Sobre isso, convém referir que, em alguns Estados, essas regulamentações costumam ocorrer ao “apagar das luzes” do ano e, em certos casos, podem até vir no ano seguinte, mas com efeitos retroativos – retroatividade que, frise-se, é inconcebível para fins de majoração de carga tributária.
A fruição dos benefícios fiscais previstos em Convênio, a rigor, depende de internalização no regramento estadual. O Convênio, isoladamente, não concede o benefício fiscal; ele constitui um pressuposto para que o benefício seja concedido pelo Ente competente. Com efeito, não se ignora o teor do art. 4º da LC nº 24/75, que prevê prazo para a ratificação mediante Decreto do Poder Executivo e a hipótese de ratificação tácita. Não obstante, a mais recente orientação jurisprudencial sobre o tema indica a necessidade de internalização expressa pelos Estados – inclusive por ato do Poder Legislativo, como decidido recentemente pelo STF na ADI nº 5929/DF, julgada em fevereiro de 2020.³
É necessário observar, para esse tema em específico, as particularidades do regramento de cada Ente da Federação. Há, por exemplo, situações em que o Convênio 26/2021 implicará a instituição de benefício mais vantajoso do que aquele já existente. Por outro lado, há, também, casos em que ele acarretará majoração da carga tributária sobre determinada operação. Essa e outras diversas variáveis possíveis precisam ser examinadas, como dito, em face dos regramentos dos respectivos Estados – de modo a se verificar o atendimento à legalidade, à anterioridade e a outras garantias.

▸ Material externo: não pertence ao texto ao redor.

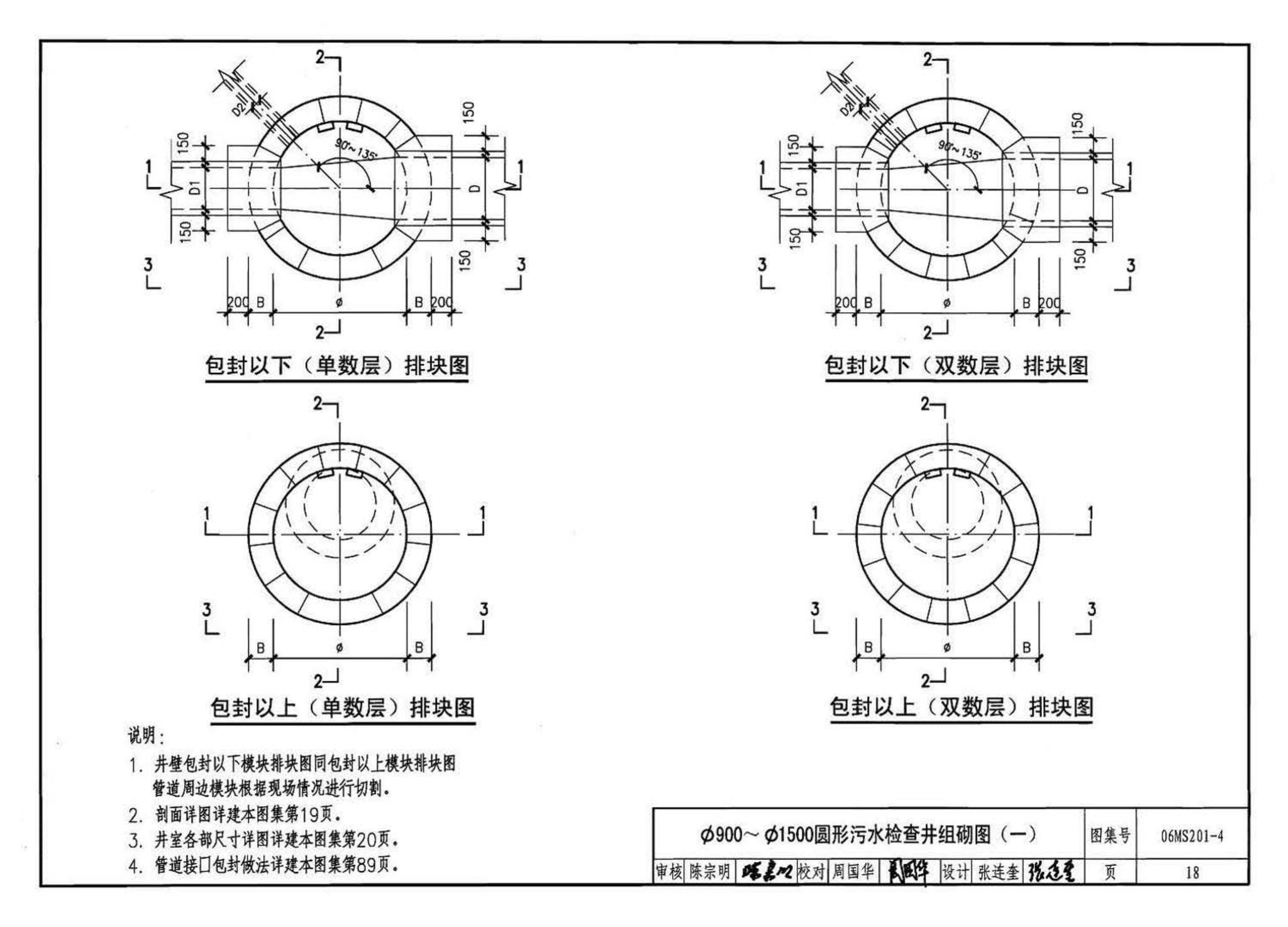 06MS201--市政排水管道工程及附属设施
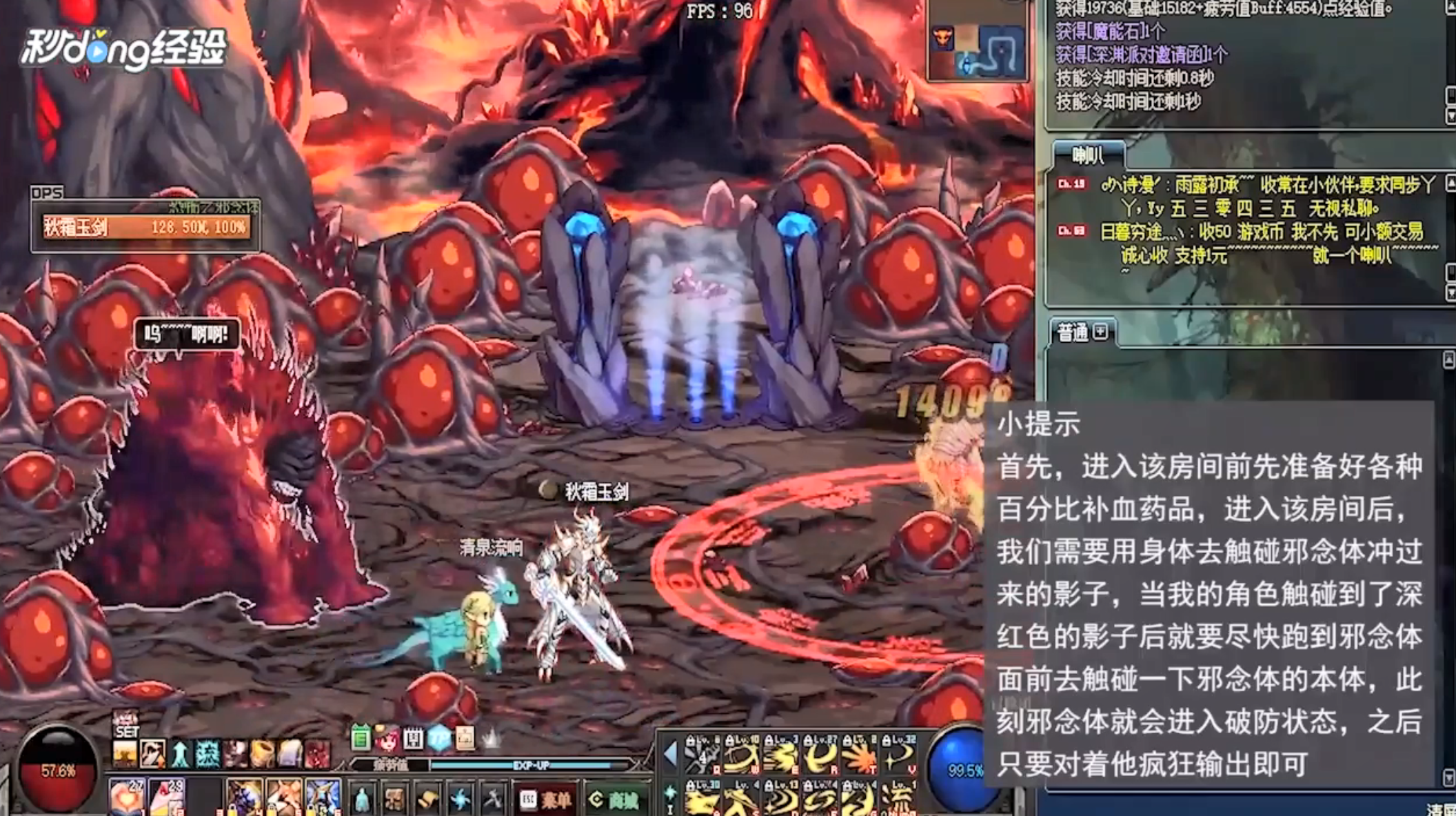 安图恩恐怖邪念体怎么打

O Escritório permanecerá atento ao tema e fica à disposição para qualquer esclarecimento.
Luis Carlos Fay Manfra
Advogado Tributarista
¹ Cláusula primeira Fica reduzida em 60% (sessenta por cento) a base de cálculo do ICMS nas saídas interestaduais dos seguintes produtos:
[…]
II – ácido nítrico e ácido sulfúrico, ácido fosfórico, fosfato natural bruto e enxofre, saídos dos estabelecimentos extratores, fabricantes ou importadores para:
a) estabelecimento onde sejam industrializados adubos simples ou compostos, fertilizantes e fosfato bi-cálcio destinados à alimentação animal;
b) estabelecimento produtor agropecuário;
c) quaisquer estabelecimentos com fins exclusivos de armazenagem;
xd) outro estabelecimento da mesma empresa daquela onde se tiver processado a industrialização;
² Cláusula segunda Fica reduzida em 30% (trinta por cento) a base de cálculo do ICMS nas saídas interestaduais dos seguintes produtos:
[…]
III – amônia, uréia, sulfato de amônio, nitrato de amônio, nitrocálcio, MAP (mono-amônio fosfato), DAP (di-amônio fosfato), cloreto de potássio, adubos simples e compostos, fertilizantes e DL Metionina e seus análogos, produzidos para uso na agricultura e na pecuária, vedada a sua aplicação quando dada ao produto destinação diversa.
³ Na prática, mesmo sendo o benefício internalizado mediante Decreto do Poder Executivo, isso costuma se consolidar no tempo, pois, por motivos óbvios, não há, via de regra, questionamento pelos contribuintes (beneficiados). A questão ganha complexidade quando se tem uma revogação do benefício mediante Decreto. Nessas situações, há discussão acerca da necessidade, ou não, de lei, diante do que dispõem a CF/88 e o CTN (mesmo que a instituição tenha se dado via Decreto).